-Usted está equivocado, camarada. Nunca podrá juntar esa fuerza bajo ningún ideal común, no puede ser organizado lo que usted me dice. Piense además en los que tienen hambre, nadie puede pensar con hambre, y los que no piensan…
-No me malinterprete. Ahí es donde radica la diferencia, no soy Lenin, yo no trabajo para el pueblo. Tampoco cometo sus errores.Mi revolución no requiere pensar, pensar es para los cultos, nada más diferente que la realidad social en la que vivimos.
-¡Es usted un sádico!
-Realista, preferiría ser llamado. Mi revolución se alimenta de odio. El odio que todo lo mueve, ése es el factor decisivo de este siglo.
-¿Qué me dice entonces del miedo? ¿No cree que la gente está muy anestesiada por propagandas de terror como para aventurarse en una revolución?

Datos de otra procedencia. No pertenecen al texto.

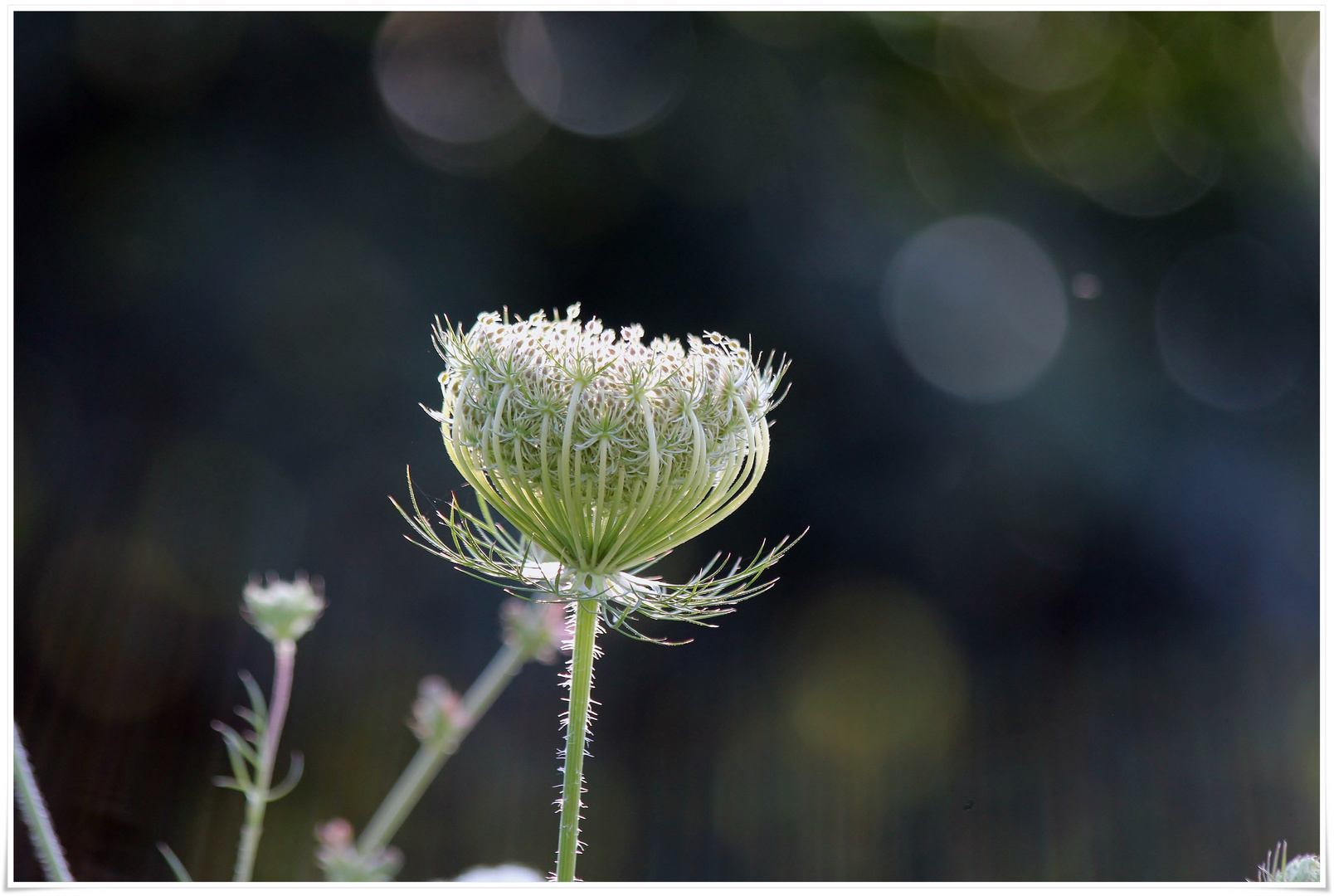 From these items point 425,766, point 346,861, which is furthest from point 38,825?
point 425,766

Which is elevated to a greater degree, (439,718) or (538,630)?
(538,630)

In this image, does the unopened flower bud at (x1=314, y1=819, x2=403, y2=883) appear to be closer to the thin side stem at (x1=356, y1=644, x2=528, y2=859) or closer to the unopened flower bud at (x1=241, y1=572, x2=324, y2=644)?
the thin side stem at (x1=356, y1=644, x2=528, y2=859)

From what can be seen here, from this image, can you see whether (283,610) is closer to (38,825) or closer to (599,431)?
(38,825)

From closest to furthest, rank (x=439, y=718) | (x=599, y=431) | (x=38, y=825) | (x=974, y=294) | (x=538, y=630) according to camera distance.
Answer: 1. (x=38, y=825)
2. (x=599, y=431)
3. (x=439, y=718)
4. (x=538, y=630)
5. (x=974, y=294)

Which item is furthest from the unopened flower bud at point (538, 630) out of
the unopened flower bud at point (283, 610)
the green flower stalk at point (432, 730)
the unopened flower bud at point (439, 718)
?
the unopened flower bud at point (283, 610)

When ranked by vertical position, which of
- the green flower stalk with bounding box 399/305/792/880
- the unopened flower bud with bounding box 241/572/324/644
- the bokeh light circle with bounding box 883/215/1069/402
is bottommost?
the unopened flower bud with bounding box 241/572/324/644

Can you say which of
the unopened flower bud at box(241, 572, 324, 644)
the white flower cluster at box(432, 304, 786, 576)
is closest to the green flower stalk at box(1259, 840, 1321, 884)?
the white flower cluster at box(432, 304, 786, 576)

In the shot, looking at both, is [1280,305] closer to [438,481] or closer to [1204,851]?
[1204,851] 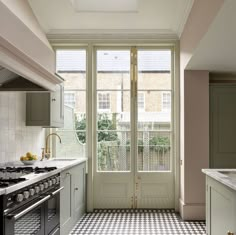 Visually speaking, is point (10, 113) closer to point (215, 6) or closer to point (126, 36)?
point (126, 36)

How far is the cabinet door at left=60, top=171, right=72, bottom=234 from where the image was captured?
3.79 metres

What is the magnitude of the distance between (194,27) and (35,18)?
83.7 inches

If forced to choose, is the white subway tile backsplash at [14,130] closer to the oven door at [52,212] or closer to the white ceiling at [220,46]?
the oven door at [52,212]

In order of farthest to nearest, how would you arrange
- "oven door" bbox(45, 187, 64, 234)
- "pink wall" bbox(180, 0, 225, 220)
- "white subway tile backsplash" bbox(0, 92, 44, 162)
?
"pink wall" bbox(180, 0, 225, 220) → "white subway tile backsplash" bbox(0, 92, 44, 162) → "oven door" bbox(45, 187, 64, 234)

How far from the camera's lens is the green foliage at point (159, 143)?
5.56 meters

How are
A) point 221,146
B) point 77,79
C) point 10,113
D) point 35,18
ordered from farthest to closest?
point 77,79
point 221,146
point 35,18
point 10,113

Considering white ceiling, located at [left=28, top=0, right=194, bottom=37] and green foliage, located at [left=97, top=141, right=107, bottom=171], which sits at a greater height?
white ceiling, located at [left=28, top=0, right=194, bottom=37]

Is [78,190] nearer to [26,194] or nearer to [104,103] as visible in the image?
[104,103]

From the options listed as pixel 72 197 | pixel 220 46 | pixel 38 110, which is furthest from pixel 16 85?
pixel 220 46

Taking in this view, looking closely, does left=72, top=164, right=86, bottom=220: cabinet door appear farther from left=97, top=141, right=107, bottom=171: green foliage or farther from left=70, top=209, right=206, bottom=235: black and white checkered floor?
left=97, top=141, right=107, bottom=171: green foliage

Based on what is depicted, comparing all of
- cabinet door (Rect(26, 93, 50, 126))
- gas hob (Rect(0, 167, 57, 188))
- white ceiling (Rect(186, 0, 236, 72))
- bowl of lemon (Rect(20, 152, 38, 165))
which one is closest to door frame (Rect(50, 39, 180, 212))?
white ceiling (Rect(186, 0, 236, 72))

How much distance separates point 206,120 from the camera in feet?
16.6

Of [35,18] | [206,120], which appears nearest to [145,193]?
[206,120]

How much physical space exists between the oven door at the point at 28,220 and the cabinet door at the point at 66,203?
705mm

-El miedo es una fuerza vieja, Julio. Hágase el favor de releer las palabras de Foucault. La conclusión es inevitable: el miedo murió. Piense en las películas si sospecha que me equivoco. ¿Cuánta gente calcula usted que vio un cadáver alguna vez en su vida? Hoy ya perdimos el asco. El miedo fue reemplazado por la costumbre, la costumbre del miedo es un fantasma que nada le pesa a la ígnea marca del odio. Con el tiempo nos fuimos animando a decir Hitler, a decir Videla, a decir Nüremberg, pero el odio al Holocausto perdura, todavía queremos la sangre de los milicos, de Martinez de Hoz y de Sobremonte ¿Se da cuenta? El odio siempre dura más, nada lava al odio sino el perdón, y nuestra sociedad no tiene ni un poquito de eso.
-Pero sin ningún punto en común sigo sin entender cómo piensa unir esa masa.
-Entenderá, don Julio. Es cosa de ver, no de creer. El odio es el punto en común, la voluntad de lucha. Que cada uno luche por lo quiera, lo importante es que luchen.
-Pero ningún estado puede ser fundado sobre la base que usted pretende usar para derrocarlo.
-Precisamente. Muy observador, por eso fue que ni Castro ni Trotsky basaron su revolución en algo tan macabro. Pero yo no quiero formar un estado, como le dije: no me malinterprete.